China announced sanctions against U.S. officials including Senators Marco Rubio and Ted Cruz, in a largely symbolic retaliation over legislation intended to punish Beijing for its treatment of ethnic minorities in the Xinjiang region.
Chinese Foreign Ministry spokeswoman Hua Chunying said “sanctions” against the four officials would begin Monday, without elaborating. Hua listed Rubio and Cruz — both Republicans and high-profile critics of China — as targets of the unspecified measures, in addition to Sam Brownback, Representative Chris Smith and the Congressional-Executive Commission on China.
The moves come three days after the U.S. sanctioned a top member of China’s ruling Communist Party and three other officials over alleged human rights abuses in Xinjiang, located in the country’s far west. Beijing has repeatedly vowed retaliation over U.S. actions intended to support residents of Xinjiang, Hong Kong and Taiwan, accusing Washington of inappropriately interfering in China’s internal affairs.
The sanctioned individuals include Chen Quanguo, the Xinjiang party secretary who sits on the 25-member Politburo, as well as Zhu Hailun, party secretary of the Xinjiang Political and Legal Committee, and the current and former directors of the Xinjiang Public Security Bureau, the Treasury Department said Thursday.
Both the U.S. moves and Chinese response were largely symbolic, since both groups of officials were unlikely to have much financial or legal exposure to each other’s countries.

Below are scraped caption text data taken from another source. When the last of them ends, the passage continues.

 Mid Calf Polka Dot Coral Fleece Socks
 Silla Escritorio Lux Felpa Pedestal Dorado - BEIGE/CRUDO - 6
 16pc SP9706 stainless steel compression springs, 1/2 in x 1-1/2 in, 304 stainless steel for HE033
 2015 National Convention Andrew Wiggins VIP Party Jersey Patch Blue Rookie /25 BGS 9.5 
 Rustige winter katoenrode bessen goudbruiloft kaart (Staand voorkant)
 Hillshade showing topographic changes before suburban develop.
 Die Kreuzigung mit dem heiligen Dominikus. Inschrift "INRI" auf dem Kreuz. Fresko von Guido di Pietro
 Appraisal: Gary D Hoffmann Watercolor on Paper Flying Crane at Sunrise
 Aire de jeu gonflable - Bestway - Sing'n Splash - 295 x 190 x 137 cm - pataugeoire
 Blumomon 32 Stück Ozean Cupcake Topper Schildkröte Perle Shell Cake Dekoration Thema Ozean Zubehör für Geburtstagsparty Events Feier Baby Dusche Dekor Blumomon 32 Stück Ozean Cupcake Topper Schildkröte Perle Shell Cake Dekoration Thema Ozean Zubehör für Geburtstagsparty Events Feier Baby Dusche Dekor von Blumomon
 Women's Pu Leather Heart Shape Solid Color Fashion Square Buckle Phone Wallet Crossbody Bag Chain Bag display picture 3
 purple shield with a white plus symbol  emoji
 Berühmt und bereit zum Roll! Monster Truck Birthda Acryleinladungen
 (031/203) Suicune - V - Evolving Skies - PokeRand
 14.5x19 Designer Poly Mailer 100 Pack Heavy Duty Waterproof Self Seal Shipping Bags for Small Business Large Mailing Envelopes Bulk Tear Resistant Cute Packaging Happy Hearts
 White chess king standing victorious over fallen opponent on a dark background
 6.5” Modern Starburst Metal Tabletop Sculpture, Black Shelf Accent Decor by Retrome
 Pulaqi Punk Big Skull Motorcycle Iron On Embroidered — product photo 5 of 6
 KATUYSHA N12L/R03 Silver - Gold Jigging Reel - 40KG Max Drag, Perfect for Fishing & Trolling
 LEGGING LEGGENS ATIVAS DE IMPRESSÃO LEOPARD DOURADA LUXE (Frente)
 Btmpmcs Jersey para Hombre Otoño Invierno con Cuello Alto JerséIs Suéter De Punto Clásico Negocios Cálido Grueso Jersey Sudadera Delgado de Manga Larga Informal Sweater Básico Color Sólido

The U.S. decision marked the first
time the U.S. has sanctioned a sitting Chinese official under the 2016 Global Magnitsky Human Rights Accountability Act, which gives the U.S. broad authority to impose human-rights sanctions on foreign officials. Senior administration officials had been pushing for the sanctions for months but had been stymied by President Donald Trump, who fretted that they would complicate his U.S.-China trade deal.